The ivory carving is small enough to hold in one hand and has no markings or inscriptions, although it does have a hook on top, suggesting it could be worn on a chain.
More informative were the four Toronto newspapers found inside the copper box that served as the capsule. The Toronto Daily Star, The Globe, The Mail and Empire and The Evening Telegram are all dated Sept. 21, 1931.
On that day, according to the papers, there were fears over Britain's monetary system and Canada's jobless, while tensions were growing between China and Japan.
The box, which measures 30 centimetres by 20 centimetres by 20 centimetres, has no external markings or writing although the date and some initials appear inside.
The box was buried beneath a stone at the front of Maple Leaf Gardens when it was built in 1931 by Conn Smythe, who owned the hockey team.
The historic arena at the corner of Church and Carlton Streets was home to the Leafs until 1999 when the team moved to a new building. It also played host to The Beatles, Elvis Presley and many other popular stars of the last century as well as top sporting events.
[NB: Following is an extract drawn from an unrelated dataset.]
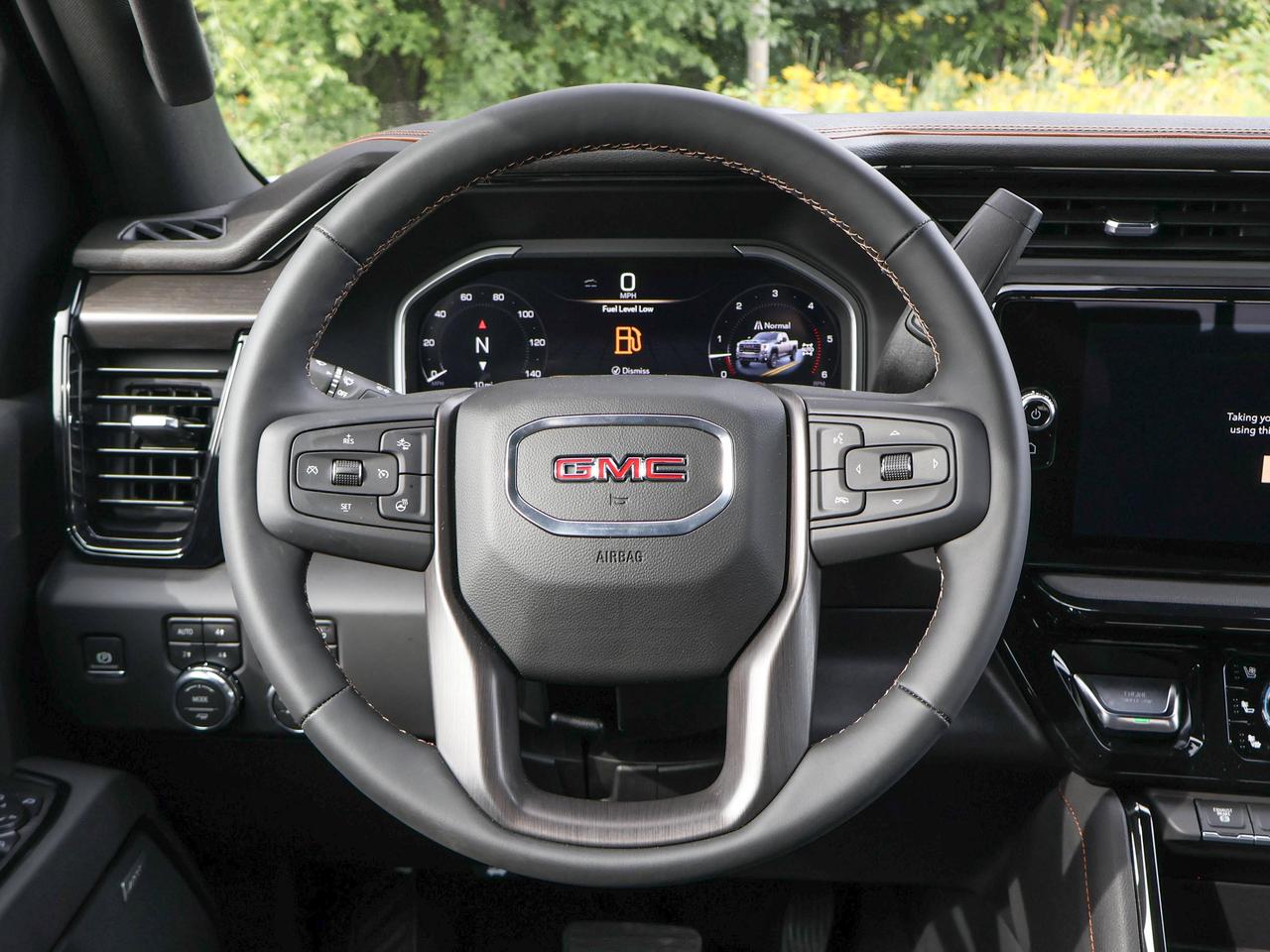 2026 GMC SIERRA 2500HD AT4 Photo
In 2009, work began to turn the Gardens into a combination Loblaws grocery store and an athletic centre for nearby Ryerson University.
The somewhat tarnished copper time capsule was found during the renovations.
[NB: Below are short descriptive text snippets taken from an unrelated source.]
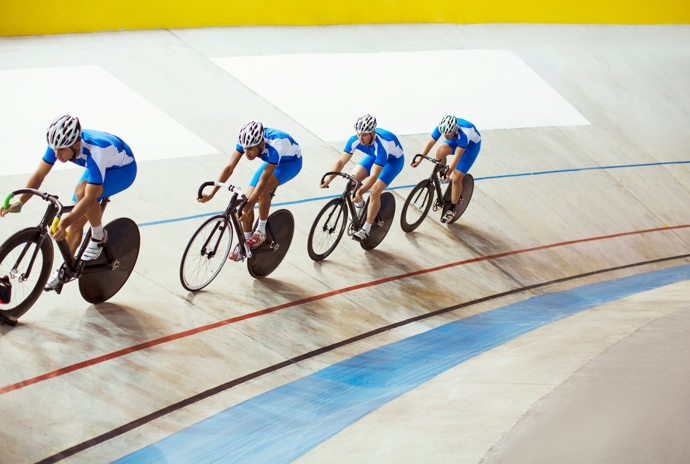 Cyklisté na velodromu jsou neskuteční
Cyklisté na velodromu jsou neskuteční
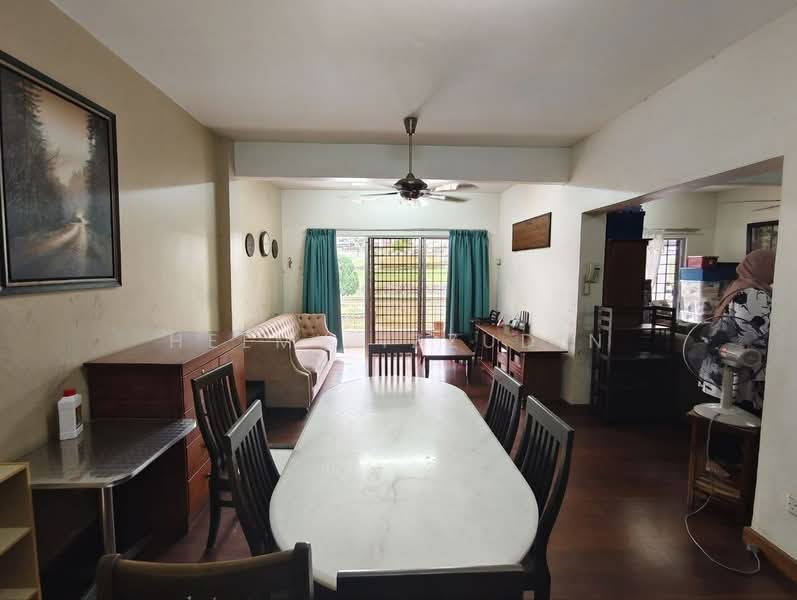 Kondominium untuk Dijual di Casa Venicia Condominium - HELMY IZZUDIN - Living Room - PropertyGuru.com.my
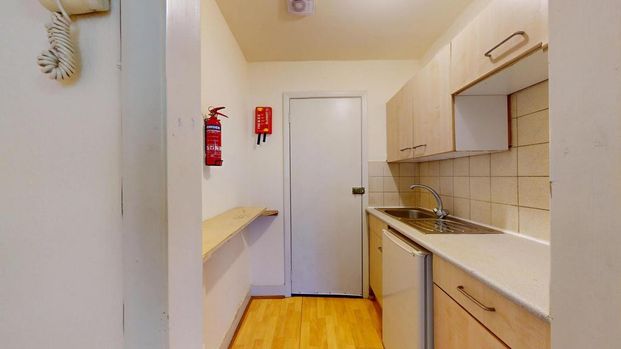 Studio to rent - Photo 1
Other items found inside included a four-page letter from the directors of Maple Leaf Gardens describing the design and construction details of the new arena, three official hockey rule books and a Toronto municipal handbook.
"Maple Leaf Gardens holds a lot of special memories for millions of Canadians and, it turns out, it also held a few surprises from 1931 that were just waiting to be found," Sheldon Levy, president of Ryerson University, said Thursday.
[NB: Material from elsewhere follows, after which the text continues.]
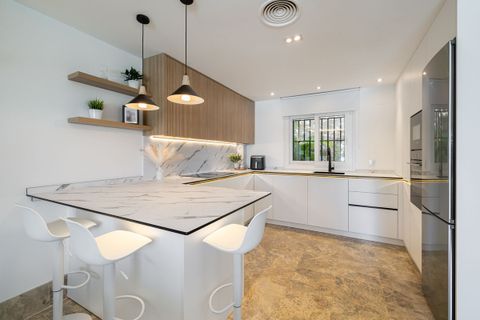Rækkehus i Marbella, Malaga, Marbella - € 1.395.000 | Ref: R5383597 - foto 12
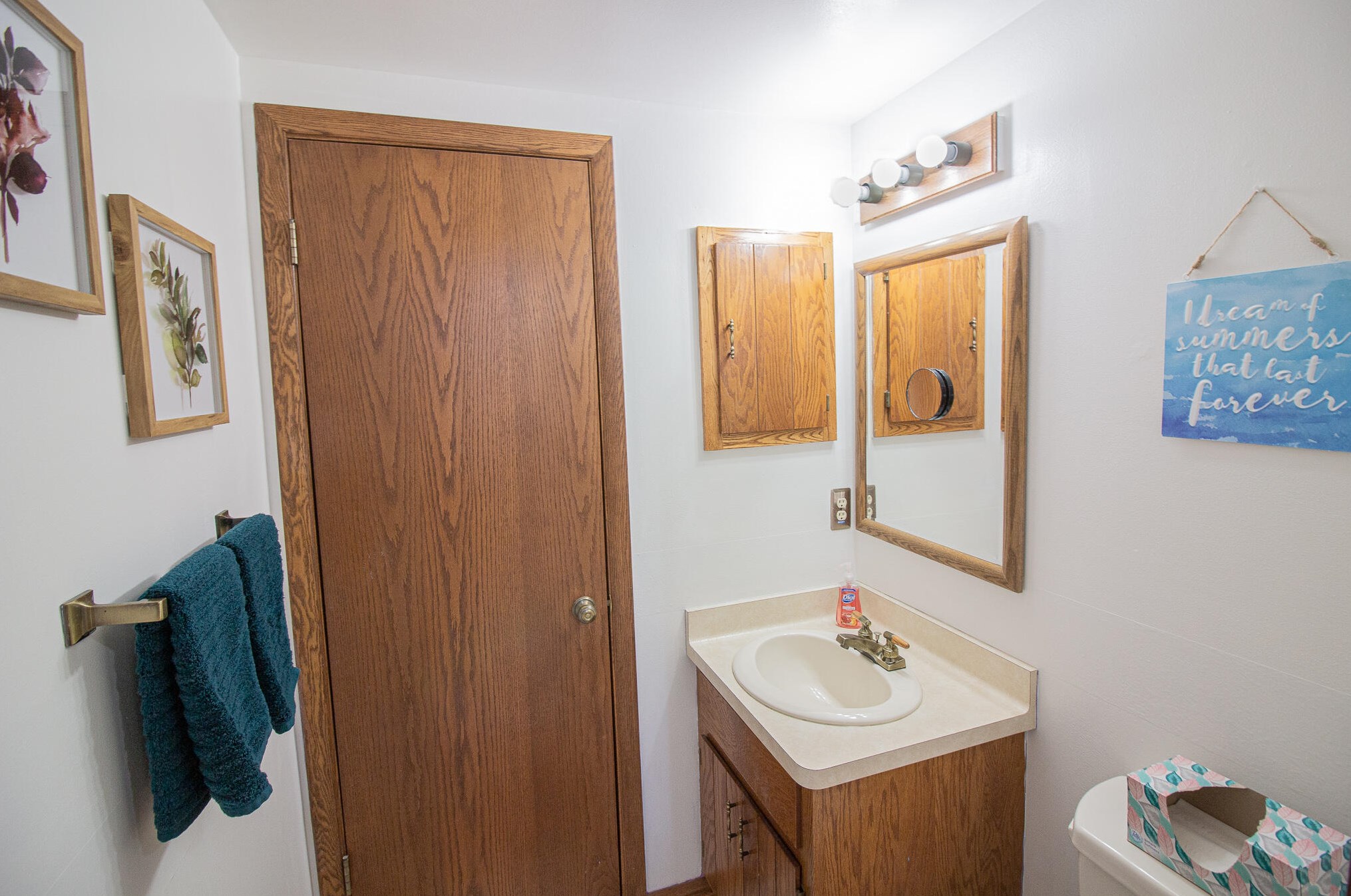 6441 Crabapple Ct, Oak Creek WI  53154-1086 exterior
"I wonder if those that put the time capsule there in 1931 would have ever imagined that 80 years later there would be a great Loblaws store there and a complex for a university that didn't even exist," he added during a ceremony at Ryerson.
Levy set the scene for 1931, saying that besides being the year Maple Leaf Gardens opened, it was the year gangster Al Capone was sentenced. On opening night, he said, the Chicago Blackhawks beat the Leafs 2-1.
Loblaws and Ryerson are appealing to the public for any insights into what the tiny ivory pachyderm could mean. They are also looking for public input about what could go into a time capsule for the newly renovated building.
"We are curious to hear Canadians' ideas for the new time capsule," said Jane Marshall, vice-president of Loblaw Properties and Business Strategy.
The 1931 time capsule's contents are on public display at Ryerson University.